The 1960s kindling around him — the death of a President, race riots and Viet Nam, all, in the textile of the show — Draper began to ask, especially moving into season four, Will I make it?

In the show’s fifth and final season, which premiered Sunday, we will have his answer.

For more than half of the show, one couldn’t help but look at Draper (real name, Dick Whitman), and think, dude’s going down. Prideful and priapic, he bedded whomever he liked, or merely noticed, and enjoyed status as a top New York City ad man, at the birth of that industry.

But midway on his false life’s journey, Draper grew a conscience.
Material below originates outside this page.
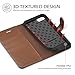 TUCCH Case Wallet for iPhone SE 2022 5G/Phone 7/8/SE 2020, PU Leather Flip Folio with Card Slot Stand Magnetic TPU Shockproof Inner Shell Compatible with iPhone 7/8/SE2/SE3, Light Brown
He began to ask questions — specifically by returning to his small post-divorce apartment to journal, instead of sleeping with the coed who, he remarked to himself, had no idea that she had no idea.
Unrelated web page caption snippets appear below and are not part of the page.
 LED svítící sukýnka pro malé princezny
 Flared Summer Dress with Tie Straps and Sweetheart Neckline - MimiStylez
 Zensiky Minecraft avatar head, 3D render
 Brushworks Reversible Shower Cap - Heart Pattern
He began to let others ask questions — specifically by taking up with an educated, tough, attractive, business consultant, who encouraged his growth and refused to let him wallow in self-pity.

He began to tell the truth in advertising — for instance, by challenging the tobacco company money that helped build, and then destroy, his career to that point.

We began to think, dude might just make it.

He launched the new agency, asserted himself with his ex-wife Betty and began to build relationship with his children, culminating in an end-of-season-four trip to Southern California.

Specifically, he went to Disneyland.

In the episode called “Tomorrowland” intersected all that had come before, good and ill: the settling of accounts with Don Draper’s life there with the cartoonish view of reality, the resolution and honesty … culminating in sex with, and a hasty marriage proposal to, his secretary Megan.

You wanted to believe him, even as the clichés rolled on.

He returned to New York City surprising all but shocking none by announcing he would wed.

It’s not without reason that we think marriage can save.

But in the proposed union with a girl half his age (who looks eerily like Liv Tyler would, if she’d been born 30 years earlier) he abandoned his tough and lovely muse, Dr. Faye Miller, and crashed in esteem with his colleagues and underlings at Sterling, Cooper, Draper, Pryce.

The one who valued him as a person, and the many who lauded him as a performer, now can’t care less.

After rising from the depths of his lies, Draper is crashing again to earth.

The brief fling with honest living seems ended.

He hasn’t journaled in ages.

So as season five begins, we’re still asking, Will he make it?

It’s not so much that he’s everyman. If he were, we could safely set him aside as symbol.

It’s that he could be any man, meaning the enemy could be us.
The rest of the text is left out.